- TASK INPUTS:
--- START ---
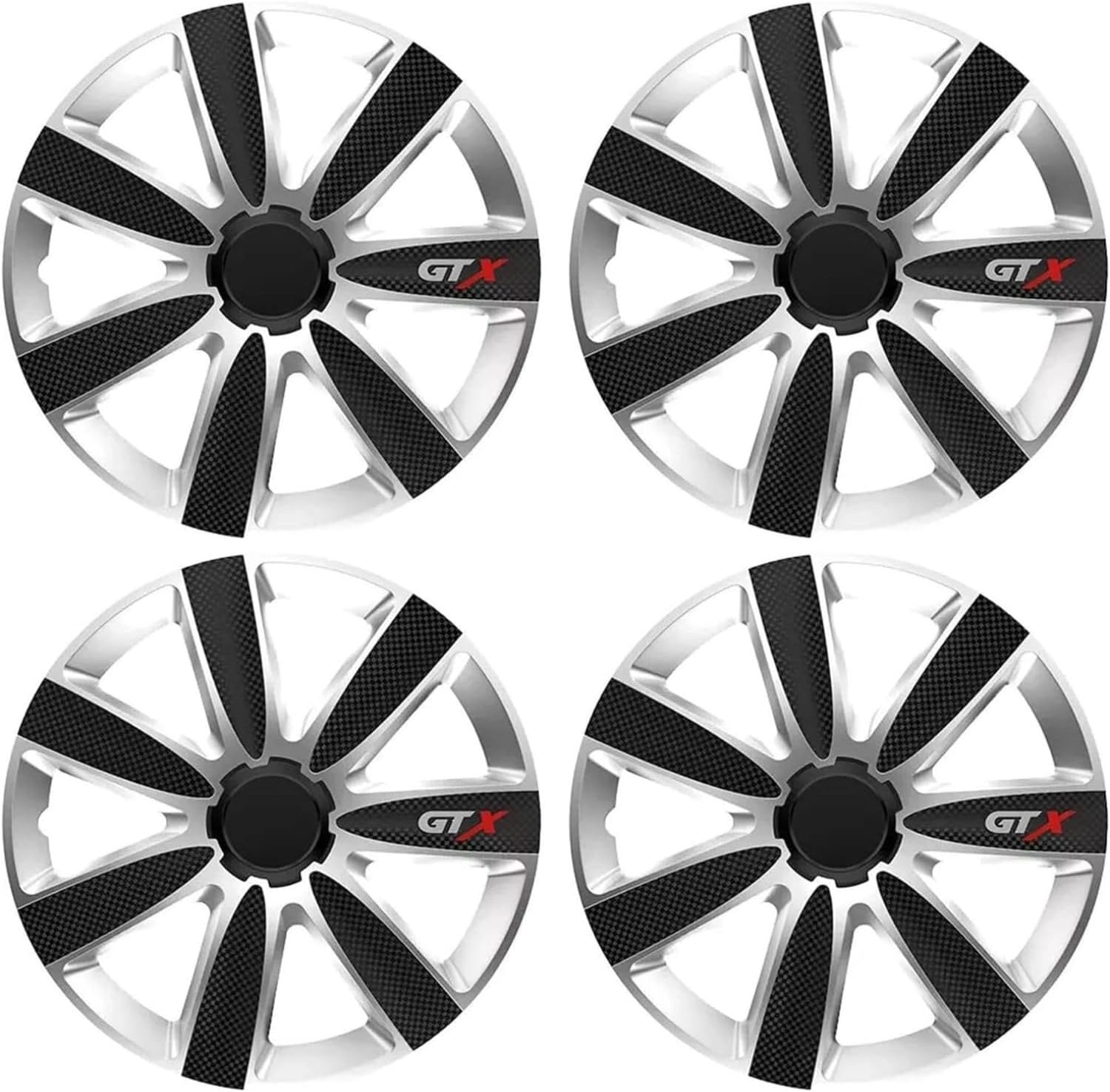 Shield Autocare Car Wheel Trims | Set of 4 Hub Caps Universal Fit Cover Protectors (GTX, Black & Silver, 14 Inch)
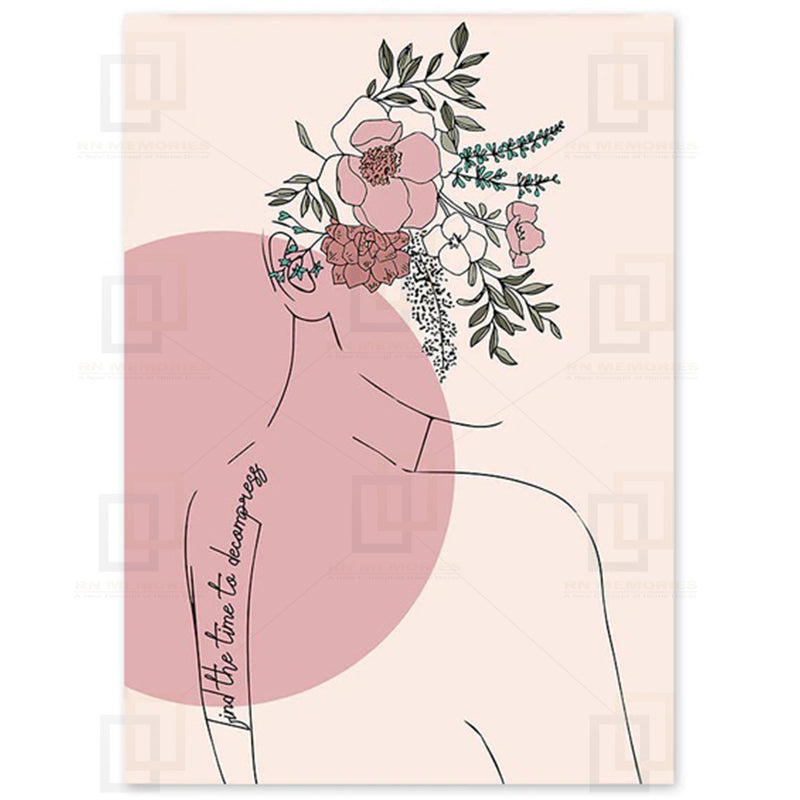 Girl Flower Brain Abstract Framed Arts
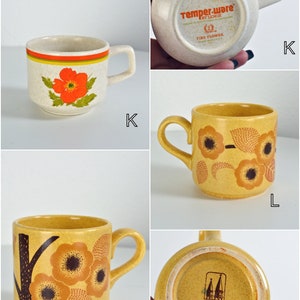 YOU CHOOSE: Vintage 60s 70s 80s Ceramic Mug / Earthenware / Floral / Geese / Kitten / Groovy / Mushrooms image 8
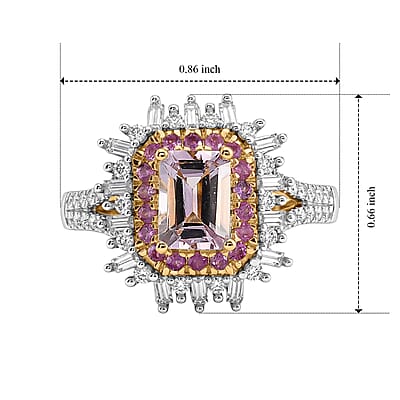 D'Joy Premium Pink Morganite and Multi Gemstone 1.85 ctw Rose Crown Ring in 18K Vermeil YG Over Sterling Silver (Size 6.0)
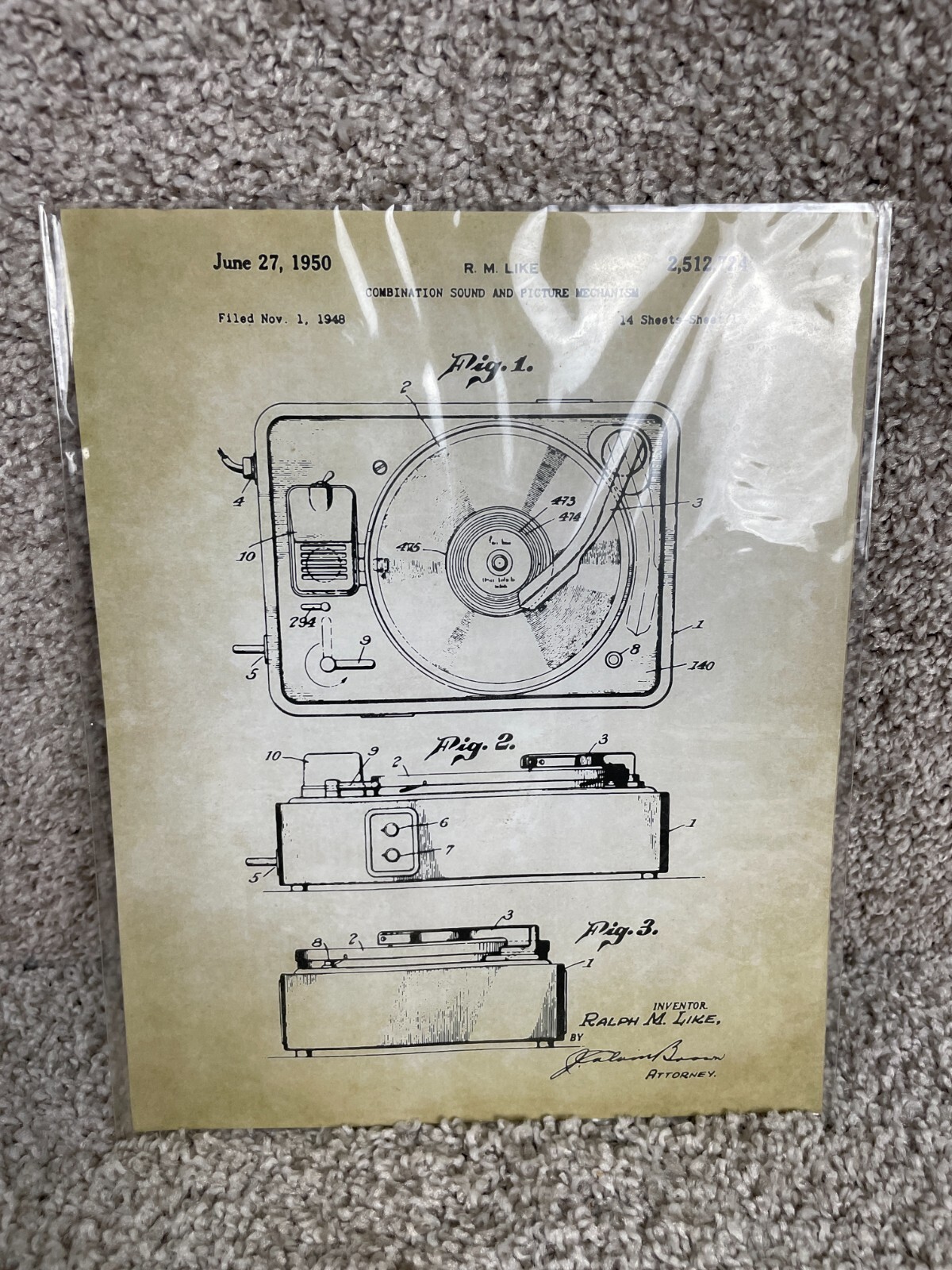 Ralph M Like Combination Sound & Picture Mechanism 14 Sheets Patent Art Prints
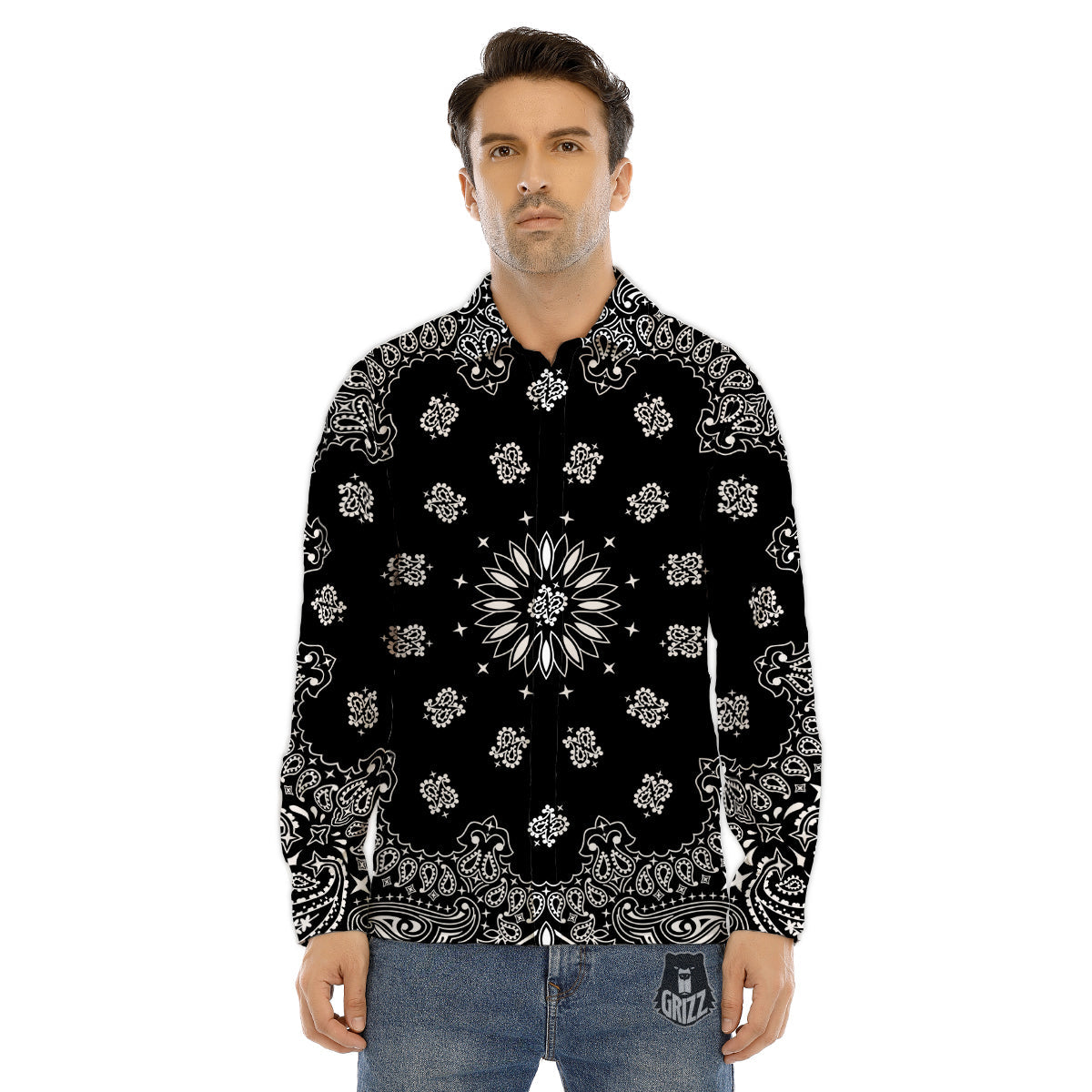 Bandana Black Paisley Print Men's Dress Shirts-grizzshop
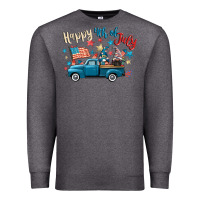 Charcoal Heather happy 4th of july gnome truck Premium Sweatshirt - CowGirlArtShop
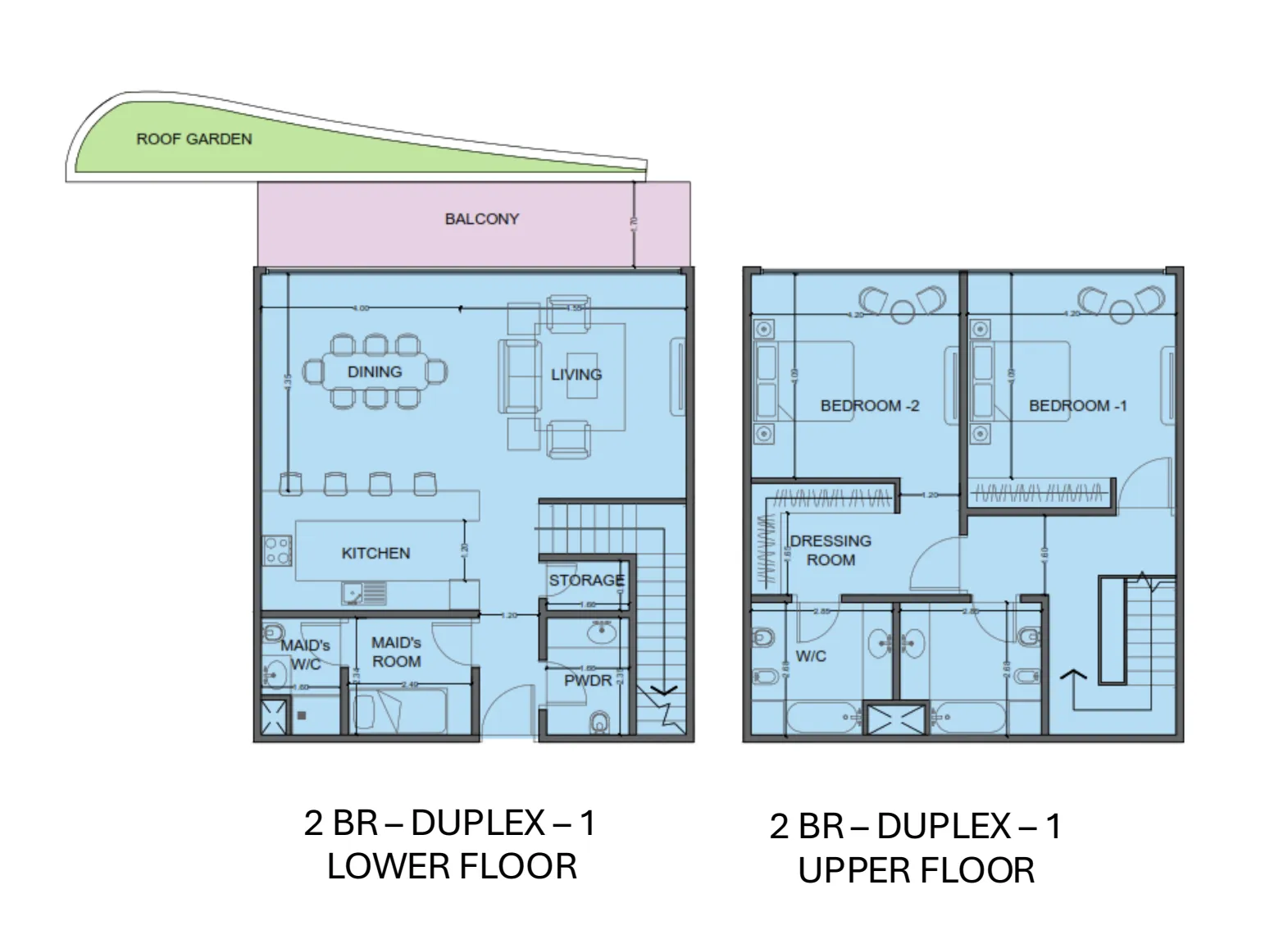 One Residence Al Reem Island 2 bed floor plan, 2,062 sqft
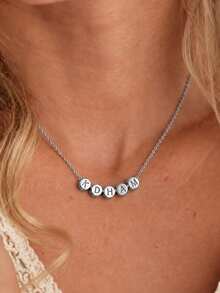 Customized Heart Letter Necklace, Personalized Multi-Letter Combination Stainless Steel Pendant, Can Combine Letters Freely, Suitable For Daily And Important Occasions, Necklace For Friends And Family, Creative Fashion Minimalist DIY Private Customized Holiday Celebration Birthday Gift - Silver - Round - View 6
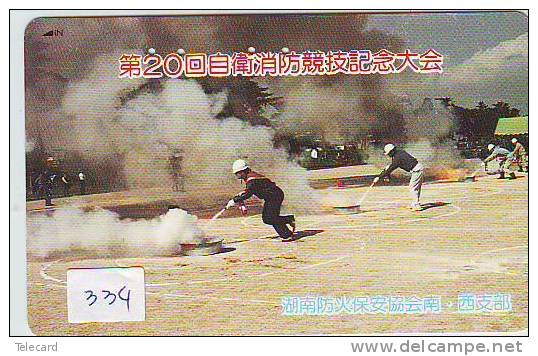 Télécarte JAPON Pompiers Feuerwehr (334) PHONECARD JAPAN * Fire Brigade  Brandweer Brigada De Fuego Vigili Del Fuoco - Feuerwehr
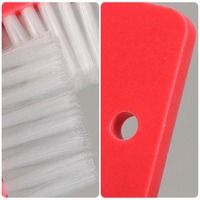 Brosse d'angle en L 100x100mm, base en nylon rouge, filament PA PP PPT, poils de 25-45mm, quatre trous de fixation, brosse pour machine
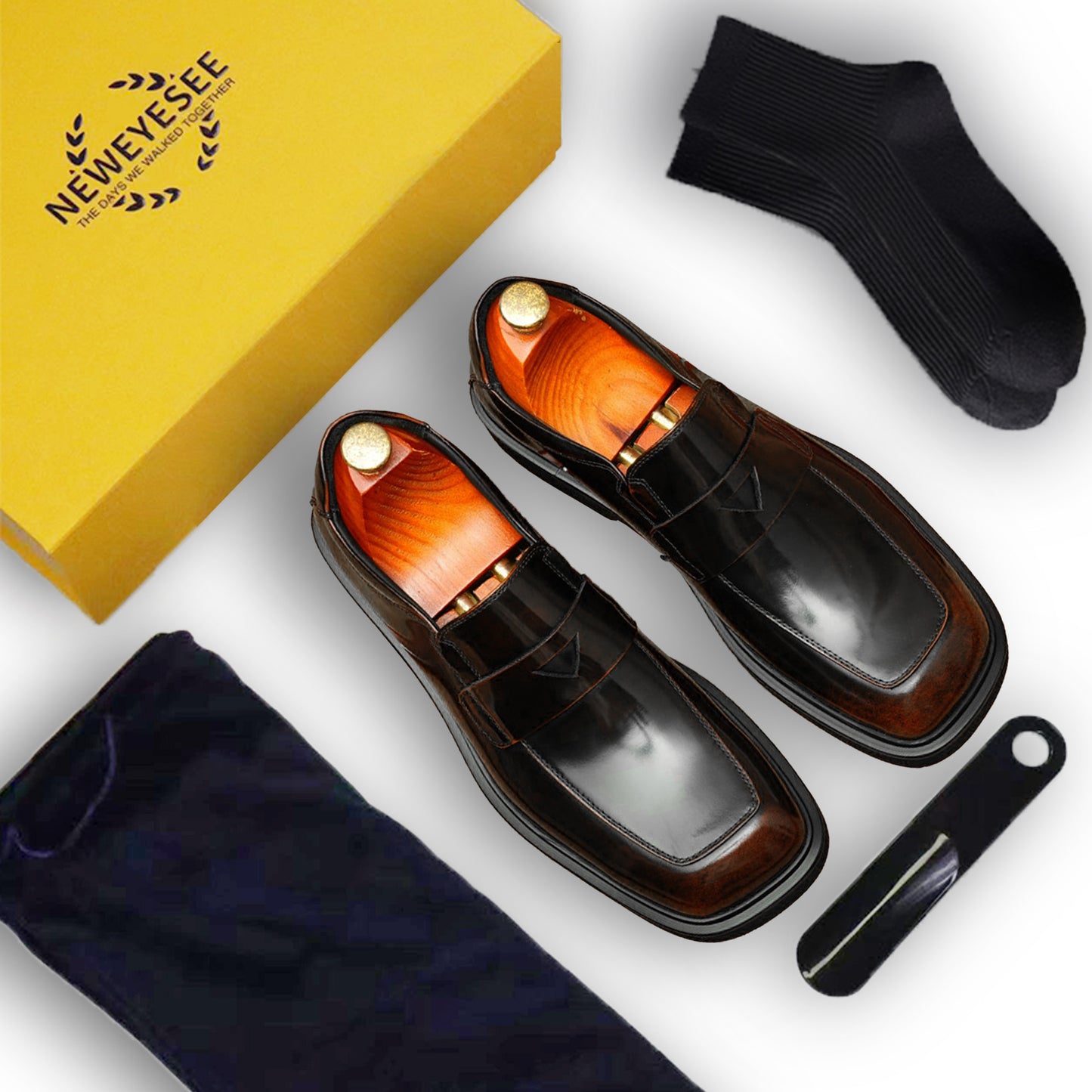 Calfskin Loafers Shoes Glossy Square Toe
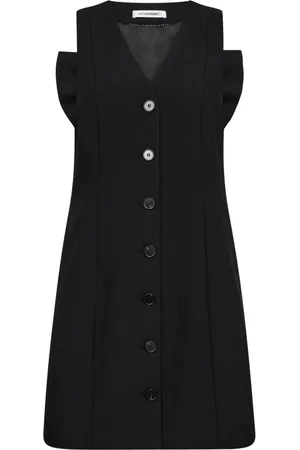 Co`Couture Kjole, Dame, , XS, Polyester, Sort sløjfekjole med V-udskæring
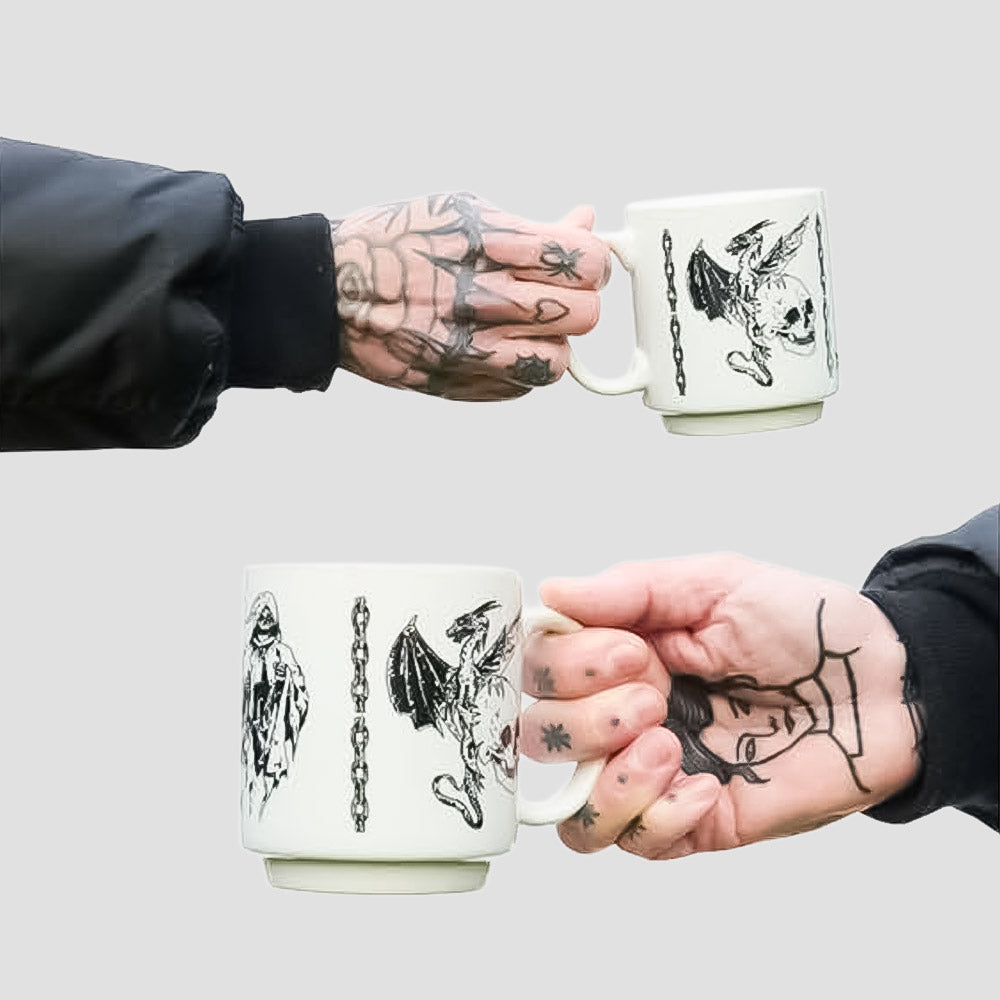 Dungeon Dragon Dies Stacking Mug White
--- END ---
- THE TASK:
Output, exactly and with no pictures, every line from the one that contains "Ralph M Like" through the final line of the entries.

- RESPONSE AREA:
 Ralph M Like Combination Sound & Picture Mechanism 14 Sheets Patent Art Prints
 Bandana Black Paisley Print Men's Dress Shirts-grizzshop
 Charcoal Heather happy 4th of july gnome truck Premium Sweatshirt - CowGirlArtShop
 One Residence Al Reem Island 2 bed floor plan, 2,062 sqft
 Customized Heart Letter Necklace, Personalized Multi-Letter Combination Stainless Steel Pendant, Can Combine Letters Freely, Suitable For Daily And Important Occasions, Necklace For Friends And Family, Creative Fashion Minimalist DIY Private Customized Holiday Celebration Birthday Gift - Silver - Round - View 6
 Télécarte JAPON Pompiers Feuerwehr (334) PHONECARD JAPAN * Fire Brigade  Brandweer Brigada De Fuego Vigili Del Fuoco - Feuerwehr
 Brosse d'angle en L 100x100mm, base en nylon rouge, filament PA PP PPT, poils de 25-45mm, quatre trous de fixation, brosse pour machine
 Calfskin Loafers Shoes Glossy Square Toe
 Co`Couture Kjole, Dame, , XS, Polyester, Sort sløjfekjole med V-udskæring
 Dungeon Dragon Dies Stacking Mug White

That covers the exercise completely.